Yargıdan gelen bir adamım. Sallapati ‘şöyle düşünüyorum, şöyle karar vereceğim, böyle karar vereceğim’ diye söylenmez böyle şeyler. Böyle bir şey de yok zaten. Biri bir yerde bir laf konuştu, onun arkasından ne çıkarabilirim bunun kuyruğundan tuttuk tren diye mi düşünüyorlar ne yapıyorlar bilemem ne çıkarabilirim diye mi düşünüyorlar anlamıyorum. Bundan sonrası, beni ilgilendiren bir tarafı yok. Bir karar verdik Saygı Bey. Onun üstüne nesini tartışacağız.

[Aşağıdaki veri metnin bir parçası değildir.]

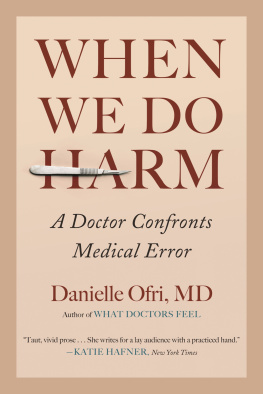 Danielle Ofri - When We Do Harm: A Doctor Confronts Medical Error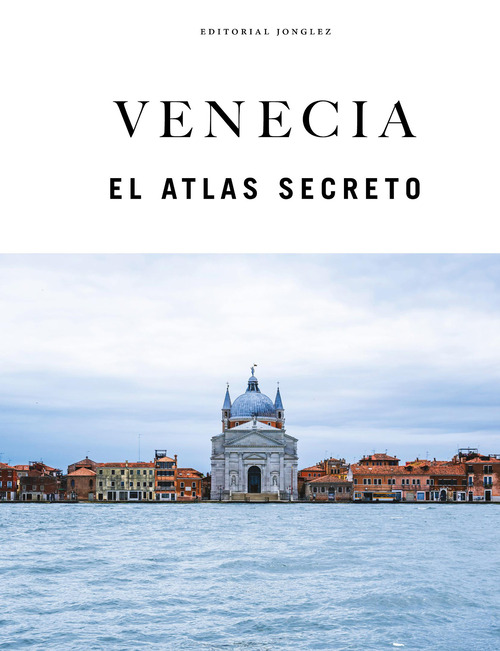 Venecia. El atlas secreto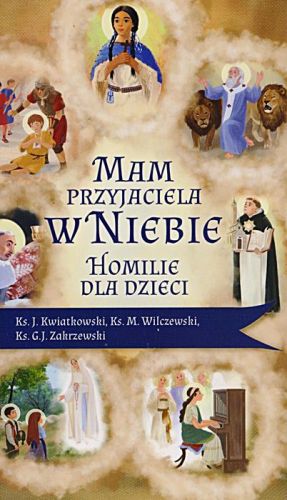 Wydawnictwo Duszpasterstwa Rolników: Mam przyjaciela w niebie. Homilie dla dzieci - ks. J. Kwiatkowski .... księgarnia religijna sklep chrześcijański
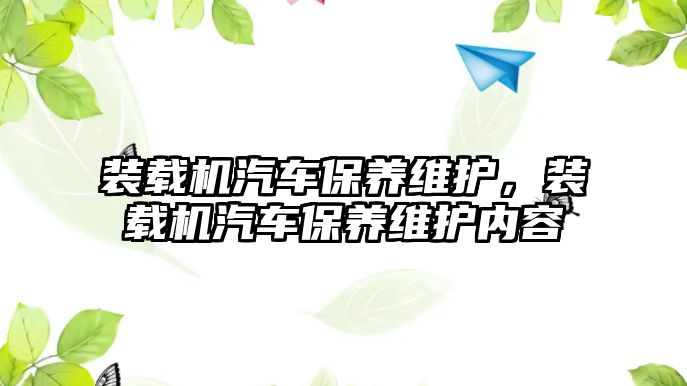 裝載機(jī)汽車保養(yǎng)維護(hù)，裝載機(jī)汽車保養(yǎng)維護(hù)內(nèi)容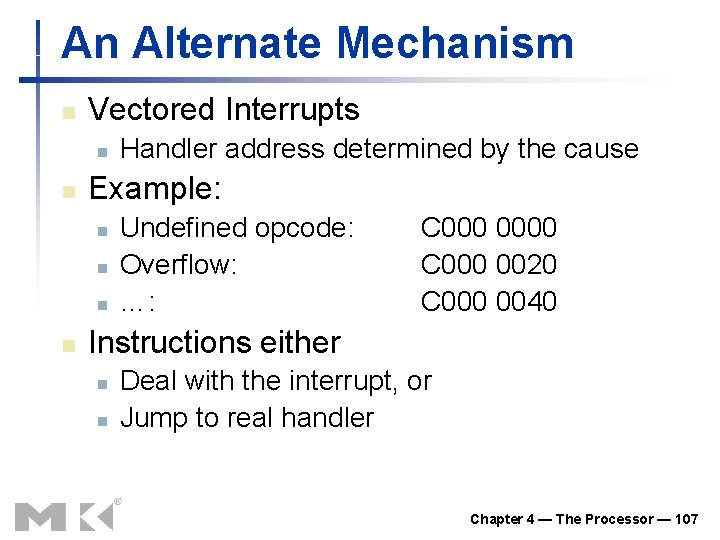 An Alternate Mechanism n Vectored Interrupts n n Example: n n Handler address determined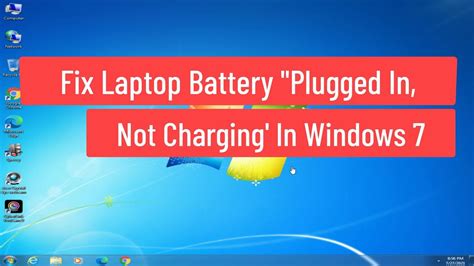 Fix Laptop Battery Plugged In Not Charging In Windows 7 Solved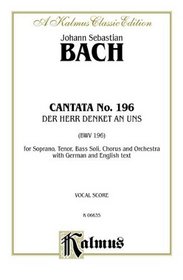 Cantata No. 196 -- Der Herr denket an uns (Kalmus Edition)
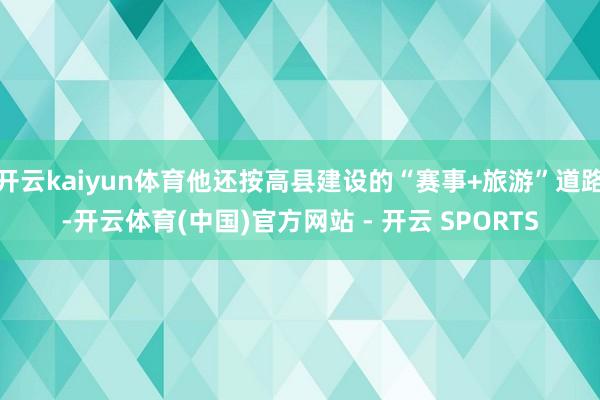 开云kaiyun体育他还按高县建设的“赛事+旅游”道路-开云体育(中国)官方网站 - 开云 SPORTS
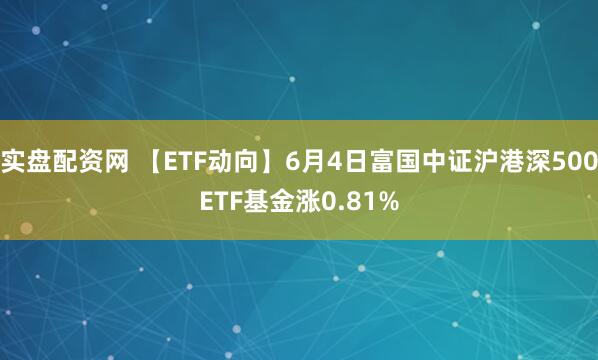 实盘配资网 【ETF动向】6月4日富国中证沪港深500ETF基金涨0.81%
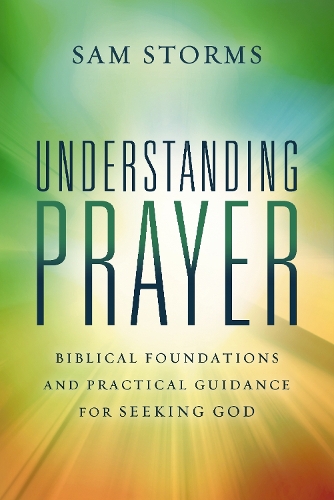 Бумажная книга «Understanding Prayer: Biblical Foundations and Practical Guidance for Seeking God», автор Сэм Стормс - фото №1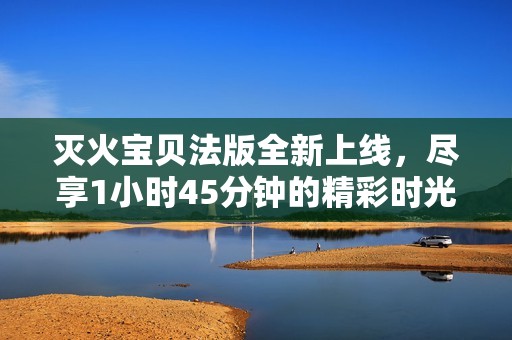 灭火宝贝法版全新上线，尽享1小时45分钟的精彩时光
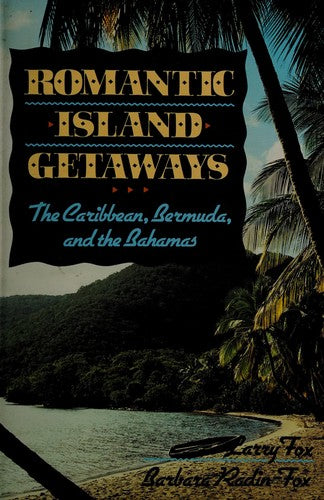 Cover of Romantic Island Getaways: The Caribbean, Bermuda, and the Bahamas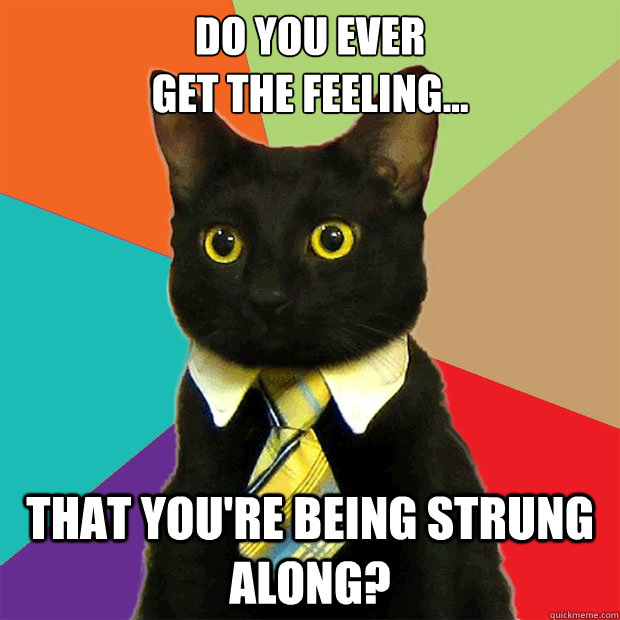 Do you ever 
get the feeling... That you're being strung along? - Do you ever 
get the feeling... That you're being strung along?  Business Cat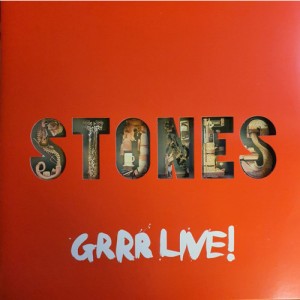 The Rolling Stones — Grrr Live!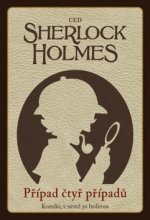 Sherlock Holmes Případ čtyř případů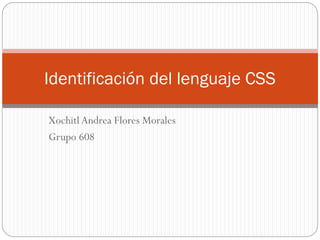 Xochitl Andrea Flores Morales
Grupo 608
Identificación del lenguaje CSS
 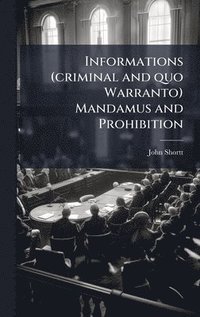bokomslag Informations (criminal and quo Warranto) Mandamus and Prohibition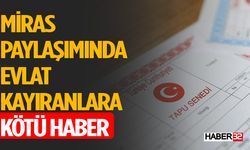 Mirasta Çocuklar Arasında Eşitlik Sağlanıyor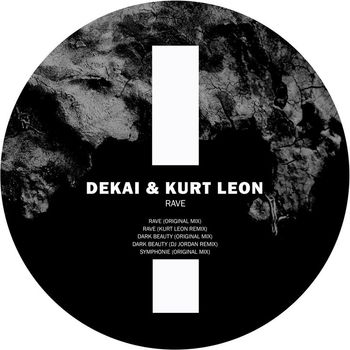deKai (Berlin) & Kurt Leon - Rave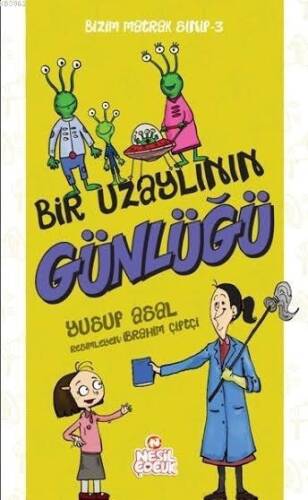 Bir Uzaylının Günlüğü; Bizim Matrak Sınıf Serisi 3 - 1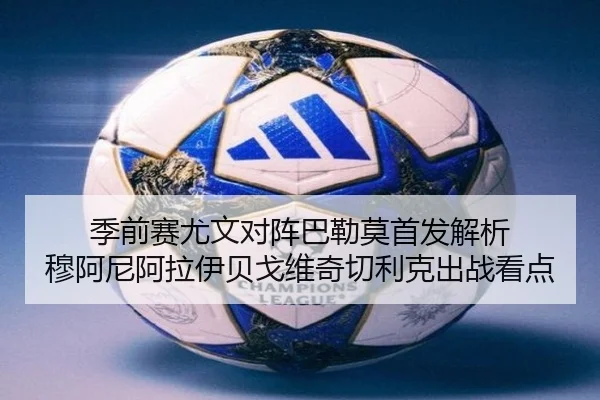 季前赛尤文对阵巴勒莫首发解析 穆阿尼阿拉伊贝戈维奇切利克出战看点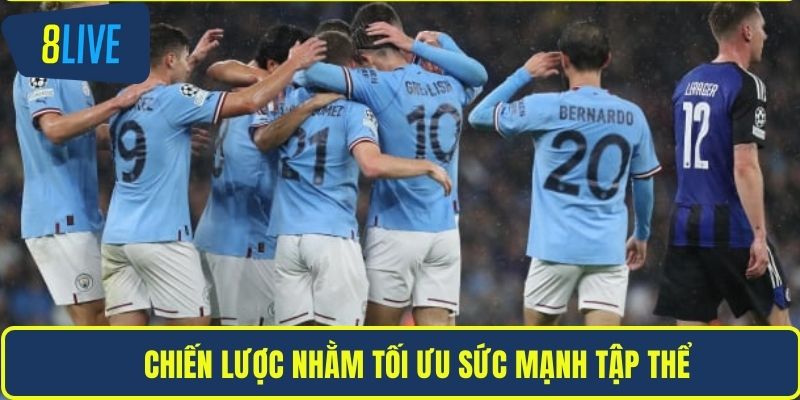Đội Hình Man City Mạnh Nhất - Phân Tích Cùng 8LIVE Chiến lược nhằm tối ưu sức mạnh tập thể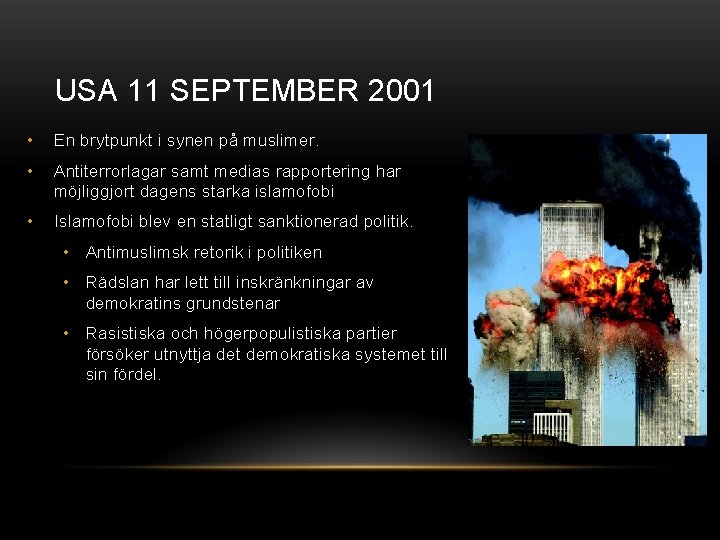 USA 11 SEPTEMBER 2001 • En brytpunkt i synen på muslimer. • Antiterrorlagar samt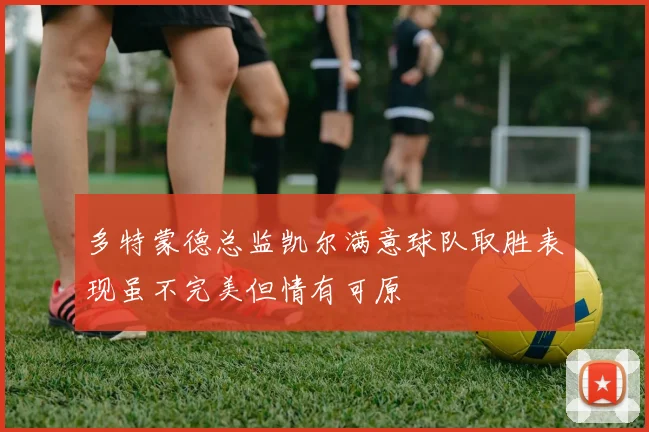 多特蒙德总监凯尔满意球队取胜表现虽不完美但情有可原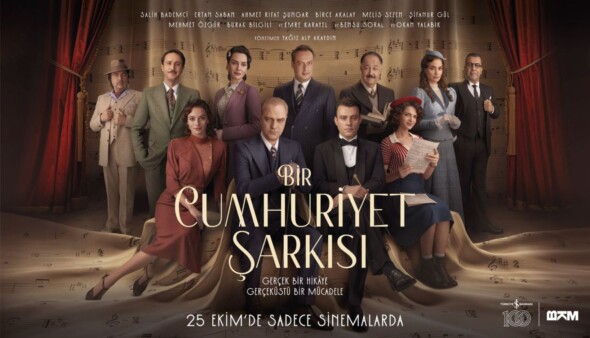 BKM yapımı ‘Bir Cumhuriyet Şarkısı’ sinema filminin biletleri satışa çıktı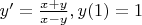 $y' =\frac{x + y}{x - y},  y(1)=1$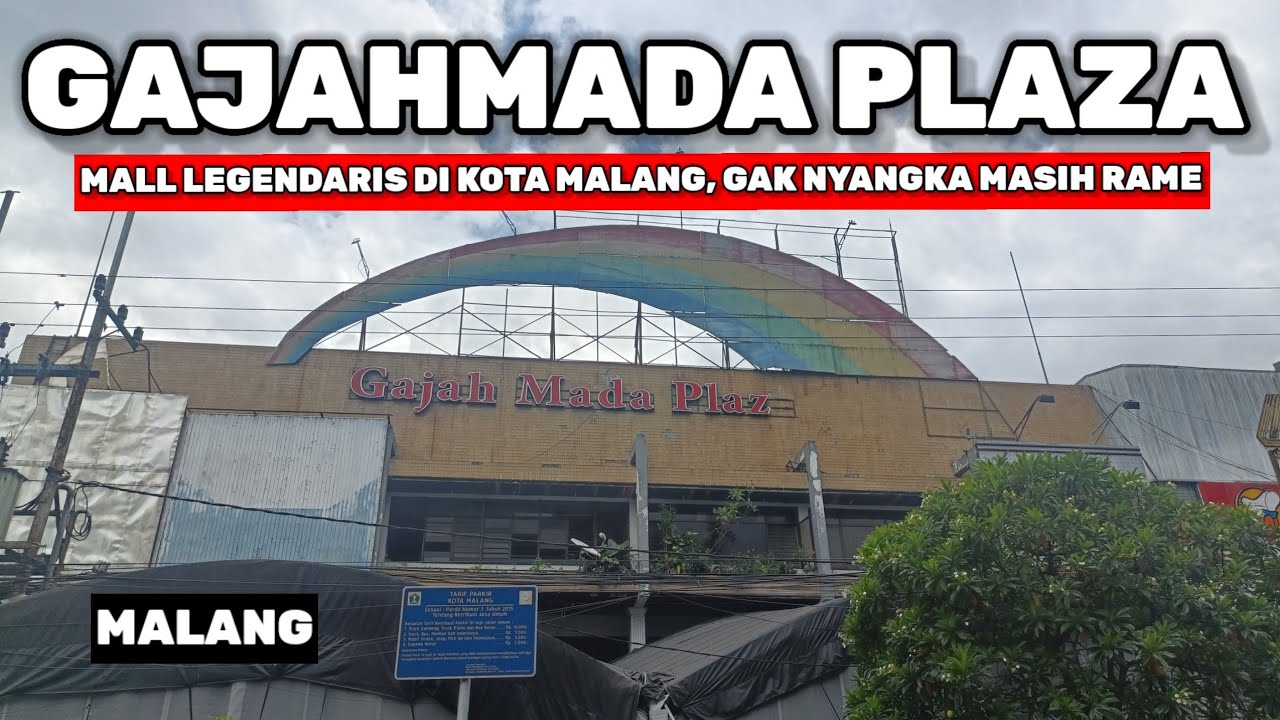 GAJAH MADA PLAZA MALANG - MALL LEGENDARIS KOTA MALANG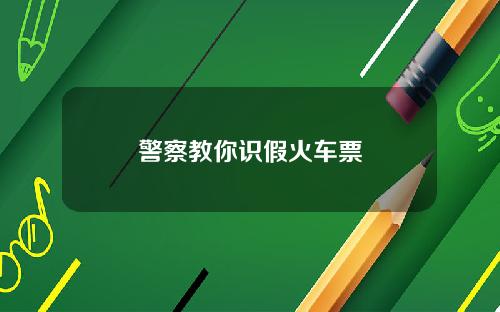 警察教你识假火车票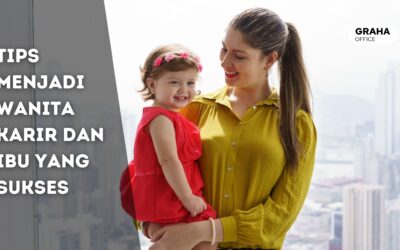 BLOG 18 Jadi Wanita Pekerja Sekaligus Seorang Ibu? Lakukan 6 Tips Manajemen Waktu Ini!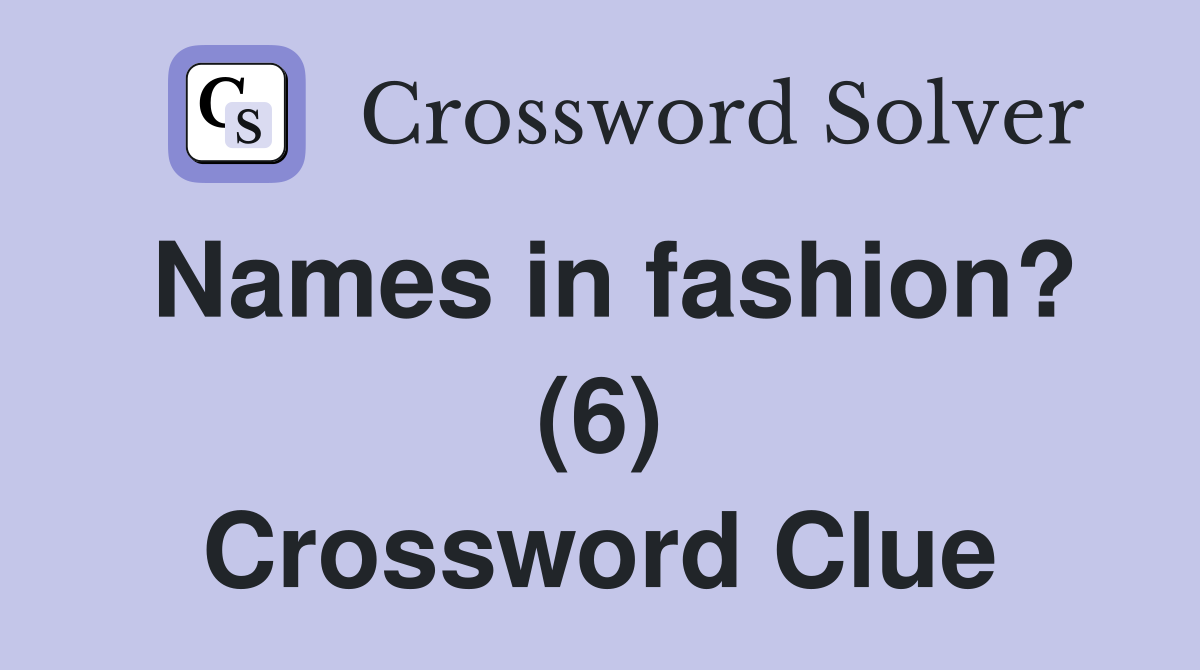 Names in fashion? (6) Crossword Clue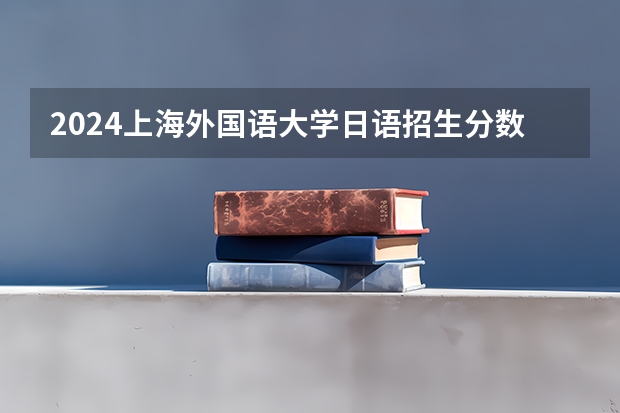 2024上海外国语大学日语招生分数线是多少 上海外国语大学日语专业历年分数线总汇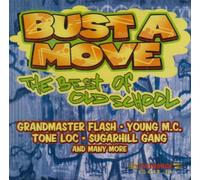 Various Artists - Bust a Move: The Best of Old School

Tartışan tartışsın ama beni ilgilendiren bir tarafı yok.”
DEMİREL DERDİ Kİ.
Savcılığın, “Bakanlarla ilgili dinlemeler usulsüz, deliller usulüne göre toplanmamış kararı verilmemiş olsaydı, komisyondan farkı bir şey çıkar mıydı?” diye sorduğumda Hakkı Köylü’nün cevabı şöyle oldu:
“Öyle konuşulmaz ki. Şimdi ‘Deliller şöyle olsaydı şöyle olurdu’ diye, olmayan şey tartışılmamalı. Rahmetli Süleyman Demirel derdi; ‘Doğmamış çocuğa don biçilmez diye. Varsayımlar üzerinden şimdi niye konuşalım. ‘Şöyle olsa böyle olurdu, hatta böyle olsa da şöyle olurdu’ diye ucu başı gelmez o zaman. Dün olduysa olana göre bir karar verdik bitti yani. ‘Olsaydılara’ göre değerlendirmeye gerek yok.”
VİCDANIM RAHAT
Hakkı Köylü’ye, karardan dolayı vicdanının rahat olup olmadığını sorduğumda “Elbette rahat. Biz, ona göre karar verdik” dedi.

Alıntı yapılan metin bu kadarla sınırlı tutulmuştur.